Across town, single mom Rachel Holloman (Michelle Monaghan) receives a similar phone call. She's told that her son -- who is traveling by train to Washington, D.C. -- will be killed unless she takes the black Porsche Cayenne that's parked across the street to a certain address. That address happens to be the exact location where Jerry shows up after he escapes from FBI custody with the assistance of various remotely controlled electronic devices. Together, the two of them will be commanded by the voice to perform illegal tasks while they simultaneously try to figure out who's behind this cruel game.
Meanwhile, Jerry and Rachel's antics have attracted the attention of FBI Agent Tom Morgan (Billy Bob Thornton) and Air Force Special Investigator Zoe Perez (Rosario Dawson), who each have different theories about what's really going on.
Like the aforementioned WarGames: The Dead Code as well as Enemy of the State and plenty of other movies featuring technology as a focal point, Eagle Eye depicts computers doing things that are not only improbable, but impossible as well. A movie that asks me to believe a closed circuit TV camera that is not connected to any broadcast equipment or computer network can be accessed remotely by a high-powered computer tests my patience. But, thanks to the likability of its cast, a relatively easy-to-follow plot, and its interesting initial setup, I liked Eagle Eye a lot more than logic might otherwise dictate.

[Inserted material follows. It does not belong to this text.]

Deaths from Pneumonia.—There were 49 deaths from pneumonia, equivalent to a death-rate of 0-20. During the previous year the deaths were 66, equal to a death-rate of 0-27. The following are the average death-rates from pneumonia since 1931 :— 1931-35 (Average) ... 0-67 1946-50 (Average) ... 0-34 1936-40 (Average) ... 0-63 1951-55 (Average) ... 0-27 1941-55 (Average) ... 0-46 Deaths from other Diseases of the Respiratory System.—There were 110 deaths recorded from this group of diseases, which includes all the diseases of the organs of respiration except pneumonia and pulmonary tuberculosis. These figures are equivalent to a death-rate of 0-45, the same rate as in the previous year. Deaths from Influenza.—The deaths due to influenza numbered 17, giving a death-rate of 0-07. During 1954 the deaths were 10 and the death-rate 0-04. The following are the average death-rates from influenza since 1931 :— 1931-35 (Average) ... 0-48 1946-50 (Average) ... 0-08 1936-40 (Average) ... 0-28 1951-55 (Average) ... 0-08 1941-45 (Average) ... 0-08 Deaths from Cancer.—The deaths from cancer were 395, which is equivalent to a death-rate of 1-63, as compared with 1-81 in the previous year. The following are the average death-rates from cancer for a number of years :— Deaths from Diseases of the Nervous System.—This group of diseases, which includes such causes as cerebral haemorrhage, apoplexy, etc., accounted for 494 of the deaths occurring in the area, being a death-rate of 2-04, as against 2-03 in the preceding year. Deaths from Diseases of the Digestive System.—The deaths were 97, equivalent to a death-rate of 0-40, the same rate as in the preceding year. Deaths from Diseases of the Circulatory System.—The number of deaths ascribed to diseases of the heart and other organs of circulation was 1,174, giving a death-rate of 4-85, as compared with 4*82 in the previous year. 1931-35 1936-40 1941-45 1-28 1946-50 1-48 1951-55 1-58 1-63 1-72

Shia LeBeouf takes on his first true leading man role and does a fair job as Jerry, the slacker. His counterpart, Michelle Monaghan, reminds me of a young Marcia Gay Harden visually. Neither actor is required to do much character development, but I have read that 80% of the stunts in the movie were actually performed by LeBeouf and Monaghan. The action sequences are effective but are as equally improbable as the computer and technology aspects of the movie.

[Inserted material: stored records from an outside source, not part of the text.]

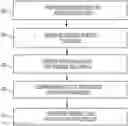 Fig. 01 - Computer-implemented methods and systems for generating material processing robotic tool paths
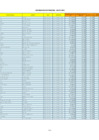 Vista preliminar de documento INFORMACION DE PERSONAL D.L. 20530 - MAYO 2024 - Z.R. N.° IX
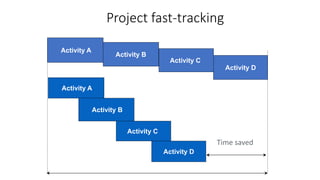 Project fast-tracking
40
Activity A
Activity D
Activity B
Activity C
Time saved
Time
Activity A
Activity D
Activity B
Activity C
 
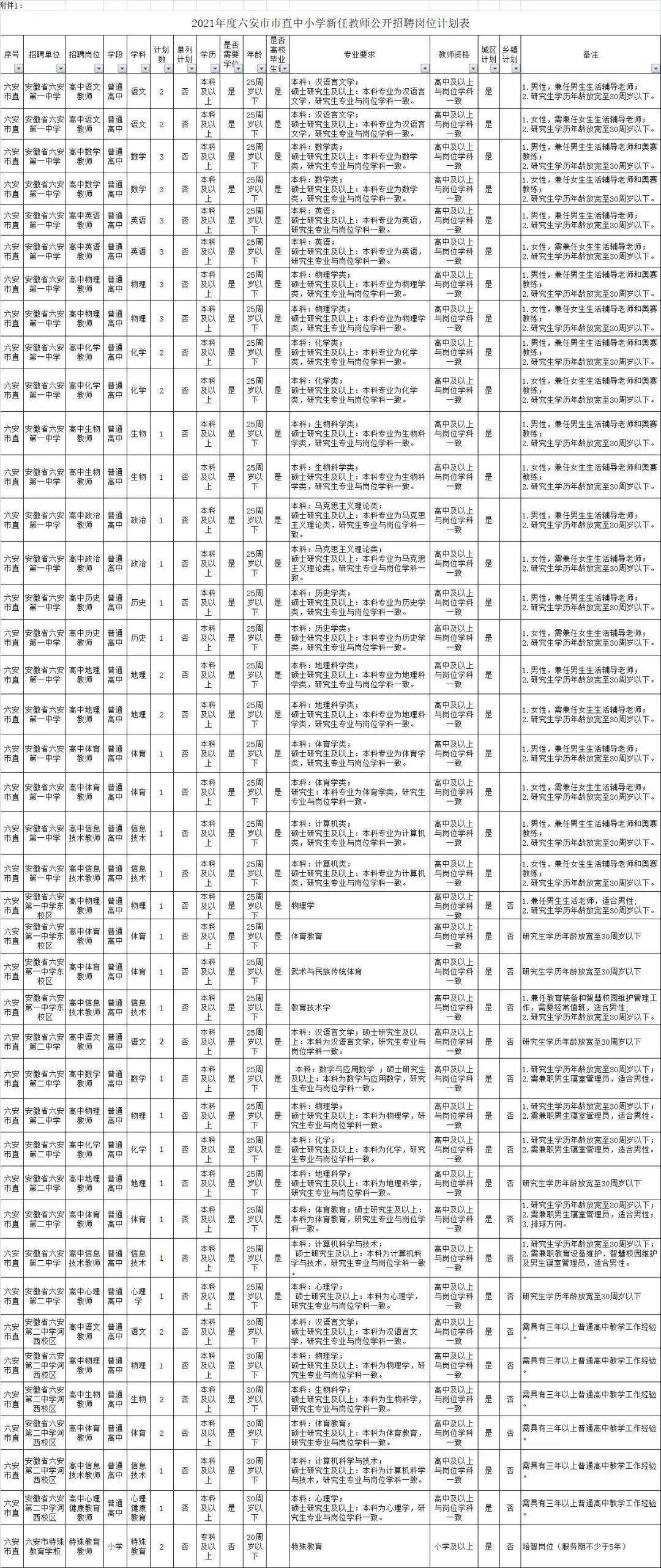 金安区2021年gdp_2021跨年图片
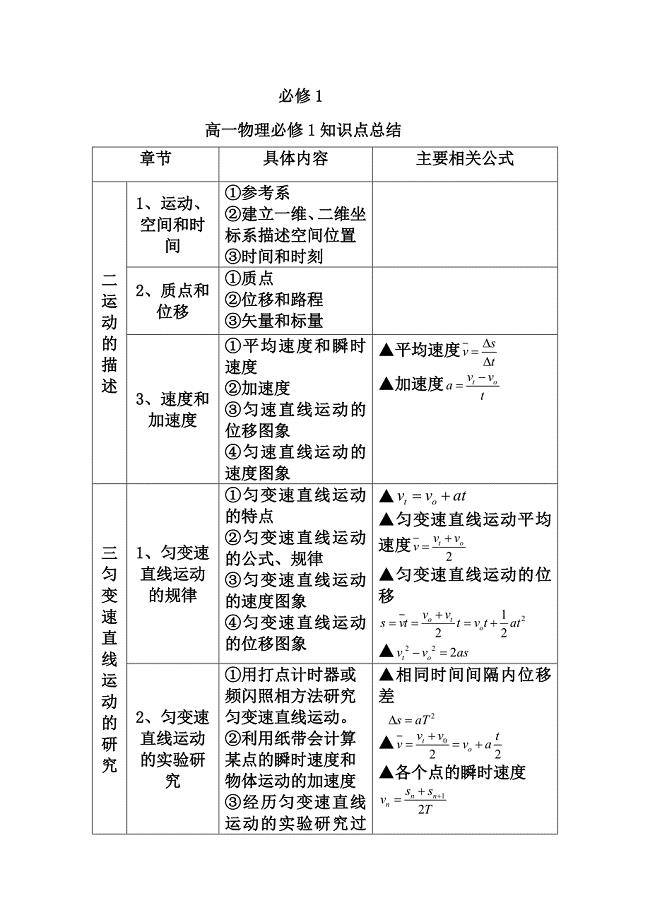 高中物理公式大全 (2)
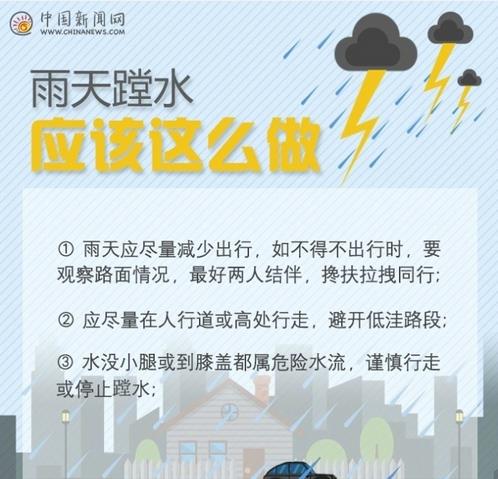 暴雨来时，安全避险攻略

From my relatively jaded perspective, Eagle Eye is the type of forgettable, PG13 action movie that is tailor-made for a rental when bigger and better movies aren't available. It's by no means a good movie but it's inoffensive at worst and was assembled with some semblance of quality by director D. J. Caruso (Disturbia.) It does nothing original but does it as well as one could expect from a film containing computers that can listen to conversations by reading the vibrations off of a cup of coffee.
Trivia: Shia LaBeouf stated that during filming an FBI Agent told him and the cast that 1 in every 5 phone calls someone makes is recorded. To prove this, the agent had him listen to a phone call he made 2 years prior to filming. (Source: The Internet Movie Database)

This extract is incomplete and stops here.